Tutorial: your first Surface spec

This tutorial gets you from zero to a working spec the Surfacide checker is happy with. We'll build a tiny URL shortener in five steps. By the end you'll have:

A surface (the user-visible contract).
A substrate (a real implementation with its own component state).
A clean run of surfacide check — including one obligation warning the checker found and that you decided how to handle.

You need ~15 minutes and the surfacide binary on your $PATH. Get it from the Surfacide page (build from source, ~1 minute).

Mental model. A .surf file describes a system on two layers. The surface is what users experience — actions, state they can observe, what's allowed to happen. The substrate is one implementation of that surface, with its own internal state and actions, mapped back to the surface via maps { … } and realizes { … } clauses. The checker today verifies the frontend obligations (slot coverage, cross-cutting consequences); a TLA+/PlusCal codegen for full refinement model-checking is on the roadmap. Read Overview for the longer pitch; you don't need it to follow this tutorial.

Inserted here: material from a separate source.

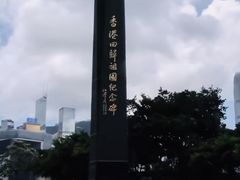 -香港回归祖国纪念碑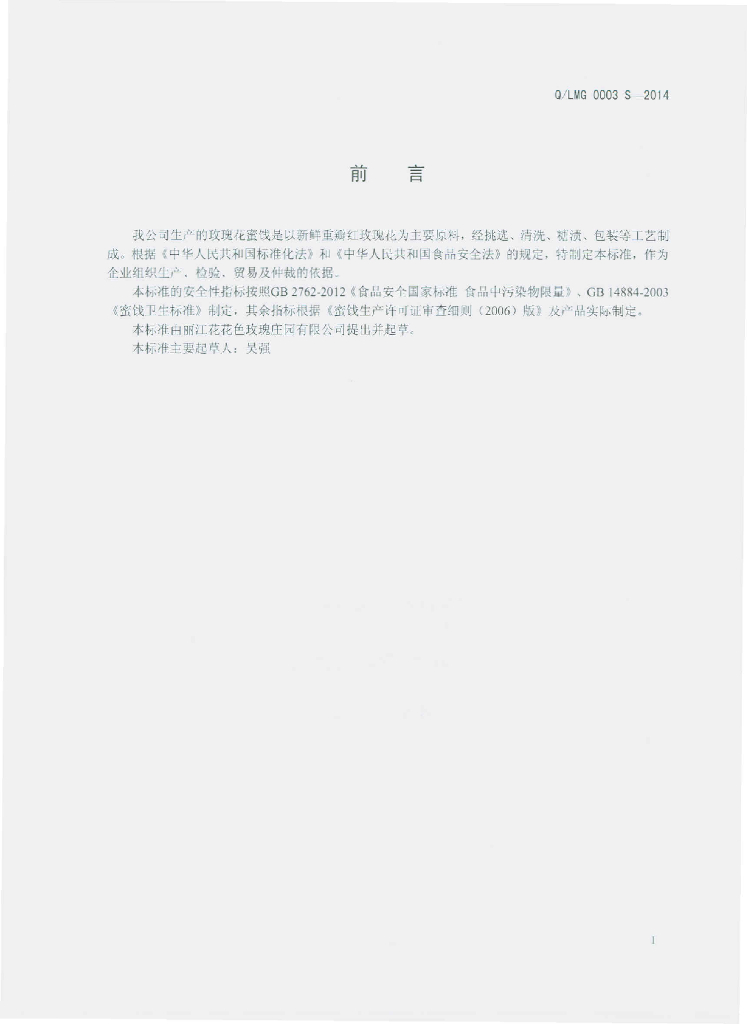 Q/LMG 0003S-2014 标准预览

Step 1 — A module and the actors

Make a new directory tut/ with one file tut/spec.surf:

module Tut

actor Owner    -- registers short links
actor Visitor  -- follows them

type Slug = String
type Url  = String

Run the checker:

$ surfacide check tut/
surfacide: 1 file(s) checked, no diagnostics

You've declared two actors. Every action in Surface is performed by an actor — that's what lets the security story (who can do what to whom) be checked instead of asserted.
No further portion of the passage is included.